-- Opening Marker --

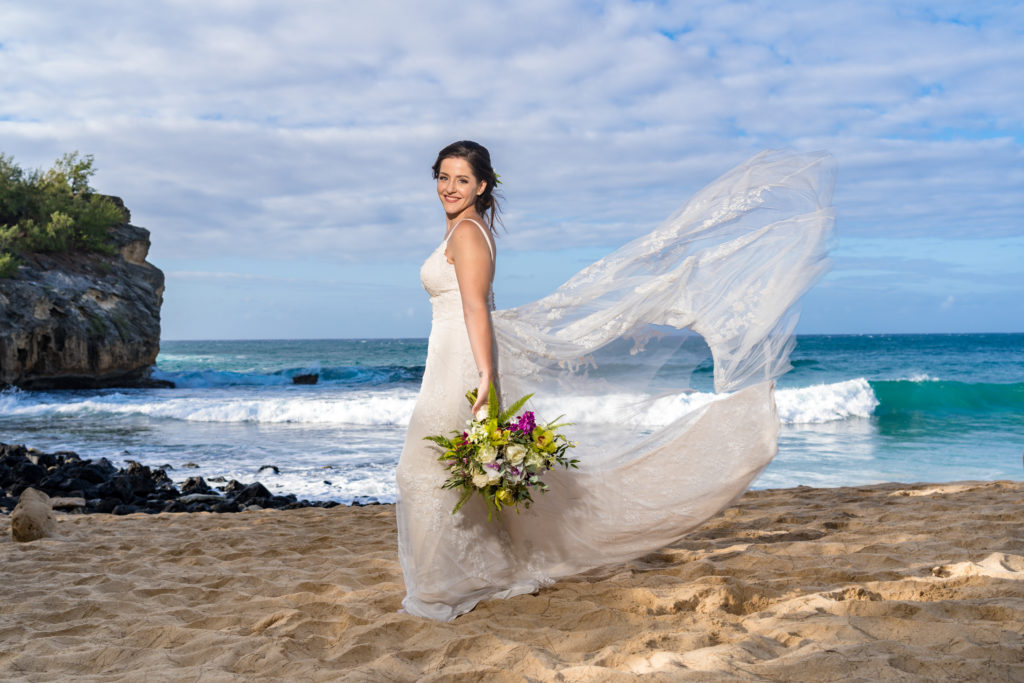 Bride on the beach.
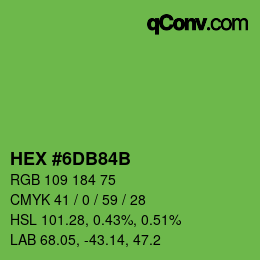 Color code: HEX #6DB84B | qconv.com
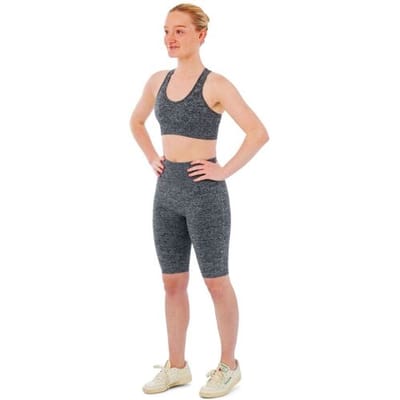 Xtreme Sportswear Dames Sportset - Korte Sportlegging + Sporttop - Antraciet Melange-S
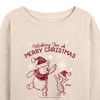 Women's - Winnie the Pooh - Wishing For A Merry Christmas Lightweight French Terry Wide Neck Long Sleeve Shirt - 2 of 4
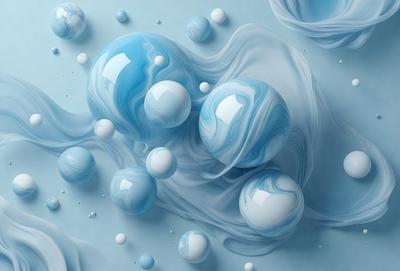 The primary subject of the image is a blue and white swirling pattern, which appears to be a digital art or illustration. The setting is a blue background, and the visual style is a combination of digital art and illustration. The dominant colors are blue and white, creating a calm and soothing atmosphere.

-- Closing Marker --

**What you need to do**
Beginning with the line above that contains "Xtreme Sportswear Dames" and finishing with the line that contains "Women's - Winnie", print those lines exactly and only. Skip all pictures.

**Finished task**
 Xtreme Sportswear Dames Sportset - Korte Sportlegging + Sporttop - Antraciet Melange-S
 Women's - Winnie the Pooh - Wishing For A Merry Christmas Lightweight French Terry Wide Neck Long Sleeve Shirt - 2 of 4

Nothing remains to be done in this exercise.